OCR Engine, Caere Corp. ($800 license)

Retrieving: The images in the {DB-Images} subdirectory may be viewed using the program DBQuery.exe. The images are retrieved by accident number, but may be selected based on county, road, etc. All of the images associated with a particular accident will have the same filename, but different extensions. All forms for one accident are retrieved, and the user may "scroll" through the individual forms. The forms may also be printed at this time.

This program is written in Visual BASIC 5 and requires the following package :

ImagnX, Pegasus Imaging (no license)


VIII. CONCLUSIONS

The results of this project convinced me that this approach is feasible, but the chances that it will be implemented are very slim.

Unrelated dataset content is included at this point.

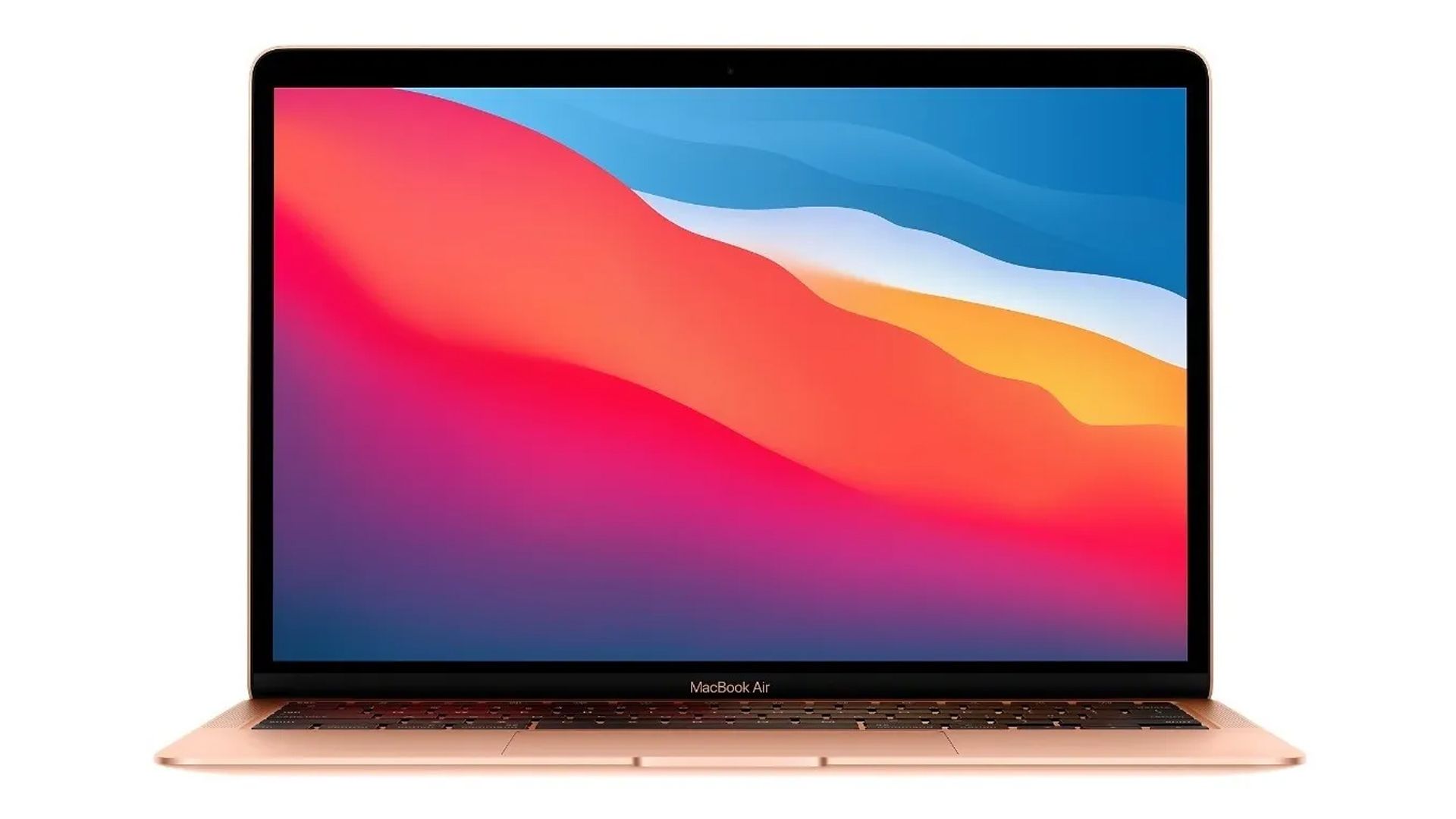 O Macbook Apple Air garante boa velocidade e desempenho. (Fonte: Reprodução)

In order for this to be successful, the report forms must be typewritten, and the entries on the forms must be totally contained within the allocated space for each item. The revised forms also have to be accepted by the Arkansas State Police, and used by all the reporting agencies within the state.

I think the one important idea which arose from this project was that of being able to optically remove the form image when scanning, store only the data image, and merge the two images when the form must be reproduced. This requires that the form be in a color which can be Aremoved@, but it would also be possible to Amask out@ the form after scanning using an XOR operation. TMS Sequoia ( from whom we purchased the ScanFix software ) does have FormFix software which is designed to do this. As long as OCR does not need to be performed on the image, this would be acceptable.